Economic Collapse: 5 Strategies for Protecting Your 401(k) Savings

ruinsJudging from my email, more and more of you are becoming interested in protecting your wealth — and I’m happy to see it. Last week, one of my loyal readers, Jen from Virginia, asked:

Should I focus on contributing as much to my 401(k) retirement plan as possible, or allocate some of it to buy precious metals, and if so, how much?

Unfortunately, there is no one-size-fits-all answer; how you allocate your retirement savings is entirely up to you and nobody else.

That being said, I no longer contribute any money to my 401(k) plan. That’s right; not a penny.

It’s a decision that didn’t come lightly.

After faithfully contributing to my 401(k) retirement plan for many years, I finally found the courage in 2011 to limit my 401(k) contributions to only take advantage of the full company match and use the residual cash to purchase wealth insurance in the form of physical gold and silver.
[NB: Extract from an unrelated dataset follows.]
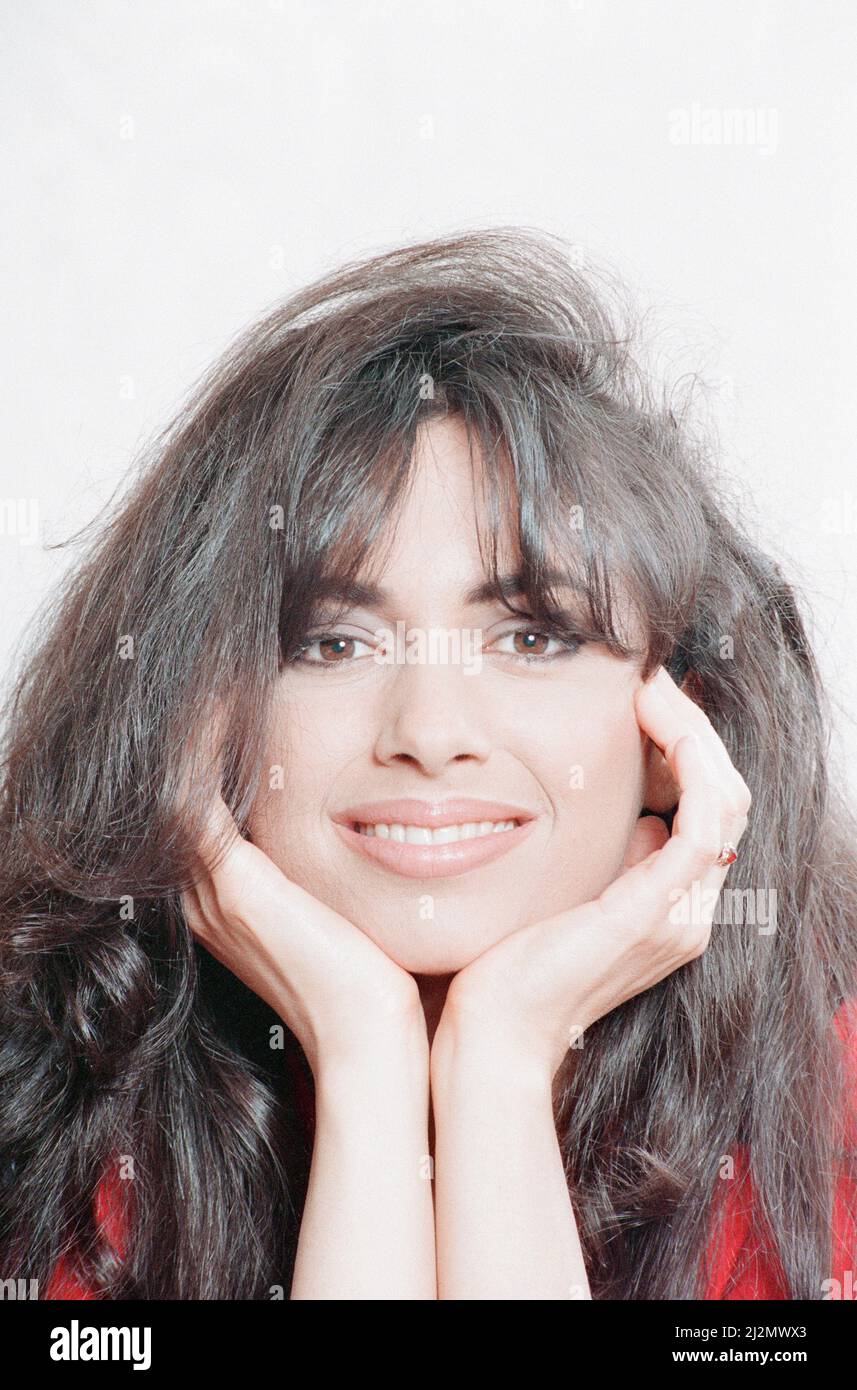 Susanna Hoffs, cantante, chitarrista e attrice americana, Studio Pix, Londra, Lunedì 25th Febbraio 1991. Foto Stock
Eventually, I concluded that the risk of a US dollar collapse was significantly greater than the added benefit I was getting from my company’s 401(k) match, so I stopped contributing entirely. Since then, all of my nest egg contributions have gone towards the purchase of precious metals.
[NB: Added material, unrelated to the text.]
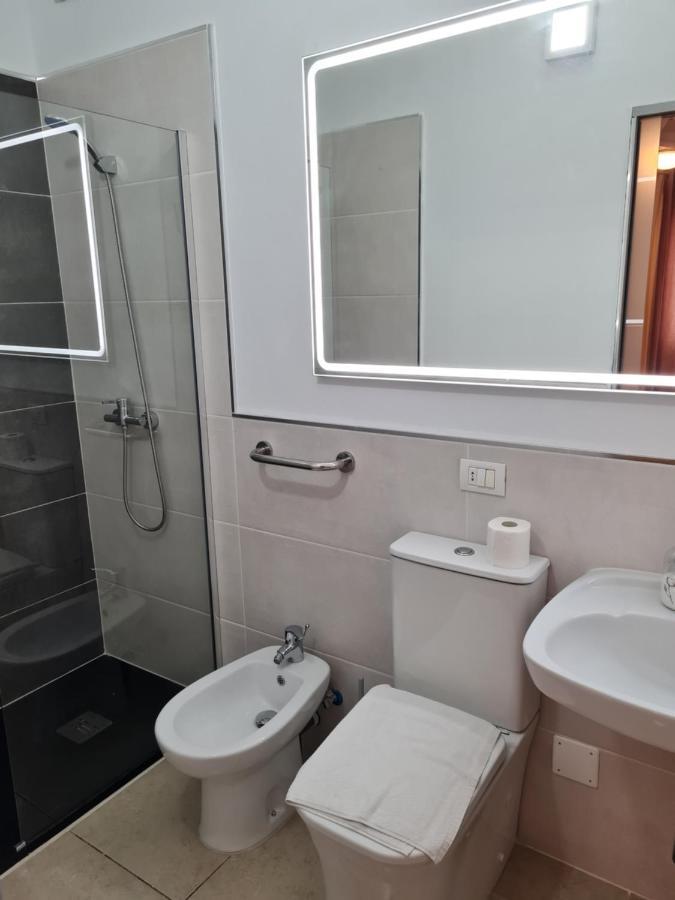 Habitaciones Nathaly Armenime エクステリア 写真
Is that radical? Absolutely.

Frankly, in a properly-functioning financial world, I would never make such a move. However, times have changed. The Fed’s reckless monetary policies — persistent near-zero interest rates and quantitative easing — have distorted the financial system so badly that conventional wisdom regarding strategic management of personal finances has been turned on its head.

If I thought the risk of a US dollar collapse occurring before I reached retirement age was only, say, 50% or less — then I would still be contributing to my 401(k) plan to at least catch the company match. However, that’s not the case anymore; I believe the probability a dollar collapse before the end of this decade is now closer to 95%.

Again, that’s my assessment. You must draw your own conclusions.

Buying Wealth Insurance

So, how much physical gold and silver is required to protect the hard-earned wealth that’s locked-up in your 401(k) retirement plan?

In his new book The Death of Money, author James Rickards notes that:

A useful way to think about (precious metal’s) insurance function is that a 500% return on 20% of a portfolio provides a 100% portfolio hedge.

I know what you’re thinking: What the heck does that mean?

If James is correct — and I believe he is — it means that you can fully protect the wealth that’s currently locked in your 401(k) plan by keeping precious metals in your possession equivalent to 20% of your total nest egg. Here’s a slightly over-simplified example:

Let’s say you have a $50,000 nest egg: $40,000 in your 401(k) and $10,000 in physical gold and/or silver. In this case, $10,000 in precious metals represents 20% of your total savings.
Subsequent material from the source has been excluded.